No que diz respeito ao TCU, os ministros responsáveis por pastas com, no mínimo, 2% dos recursos do Orçamento terão de prestar contas diretas sobre o uso do dinheiro. Isso inclui os ministérios da Educação, Defesa, Infraestrutura, Agricultura e Trabalho, além da Secretaria da Previdência. Nenhum deles, até então, precisava fazer isso. Segundo Carlos Valentim Gonçalves, que já compôs o quadro de ministros do Tribunal, essa era uma briga antiga. “Desde os anos 1990 esse pente fino era cobrado porque havia um ponto cego para a apuração da Corte”, disse.

Leandro Amorim, advogado constitucionalista e palestrante do Global Forum on Law entende que a decisão do Tribunal acompanha a tendência mundial. “Essa prestação de contas é fundamental para a apuração dos números. Até agora os ministérios apenas enviavam relatórios quando incitados.” Hoje, quase todos os países da Europa, além dos Estados Unidos, Nova Zelândia e Canadá já acompanham as contas públicas com esse nível de integração.

Segundo o TCU, os Ministros de Estado poderão ser responsabilizados se forem verificadas irregularidades graves que possam ser atribuídas a suas gestões. Esse pente fino também norteará o relatório anual das contas do presidente da República de 2022, a serem julgadas no ano que vem. O ministro do TCU Antonio Anastasia, relator da normativa, disse que o ganho será substancial. “O conjunto de análises em cada processo será bem mais extenso e aprofundado, permitindo uma avaliação mais efetiva da qualidade e da regularidade da gestão.” Pela nova regra, todas as estatais com ao menos 90% de participação da União e o Banco Central do Brasil também estarão sob análise.

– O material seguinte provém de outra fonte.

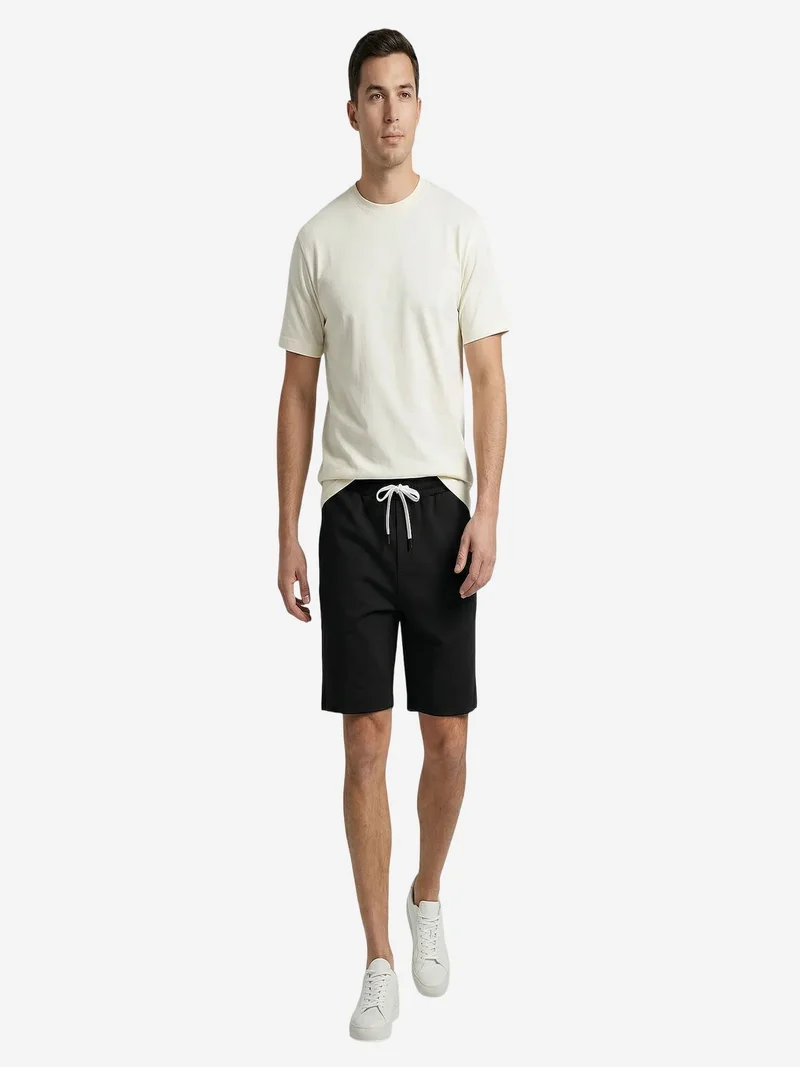 Tommylife Black TOMMY Men's Mid Waist Jersey Shorts for Men | Best Price UAE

GASTOS EM QUESTÃO Ministério da Defesa, que está entre as Pastas com maior orçamento anual, terá que produzir relatórios fixos. (Crédito:Alan Marques/)

IMBRÓGLIO A maior atenção aos gastos veio na esteira de dúvidas sobre o uso de recursos em ministérios bastante abastados, como o da Educação. Um dos casos mais recentes envolvia uma espécie de balcão de negócios no MEC, operado pelos pastores Gilmar Santos e Arilton Moura, para agilizar a liberação de valores a gestores próximos a eles e a prefeituras indicadas pelo centrão.

Outro caso que merece atenção foi a compra, pelo Ministério da Defesa, de 11 milhões de comprimidos do Citrato de Sildenafila, popularmente conhecido como Viagra, entre 2019 e 2022. No dia 3 o deputado federal Elias Vaz (PSB-GO) pediu ao TCU a abertura de um processo administrativo para apurar o acordo entre o Comando da Marinha e o laboratório EMS. O ministro da Defesa, general Paulo Sérgio Nogueira de Oliveira, foi convidado a prestar esclarecimentos na Casa, e já aceitou o convite. A data, no entanto, ainda não foi definida. Quando nasceram as especulações sobre o tema, a Marinha garantiu que a compra atendia uma demanda do Ministério da Saúde e foi feita sem qualquer irregularidade.

Quem também está atento ao TCU é o ministro da Economia, Paulo Guedes. O motivo, no entanto, não são as contas da própria Pasta, mas o processo de liberação da venda da Eletrobras. No dia 2 de maio o ministro do TCU, Vital do Rêgo, solicitou à estatal novas informações. Entre as demandas estão esclarecimentos sobre parcelas do empréstimo compulsório de energia criado pela Lei 5.824/1972, sobre um pedido de indenização da companhia à Aneel e também documentos, fatos relevantes e atas de reuniões de conselheiros.

Há algumas semanas, Guedes deu a entender que a motivação do TCU era mais política do que zelo pela estatal e que a morosidade estava sendo maior que a necessária para garantia da lisura da licitação. Mas o ministro esqueceu que, segundo a física óptica, quanto mais precisa for a lupa, maior a capacidade de encontrar imperfeições.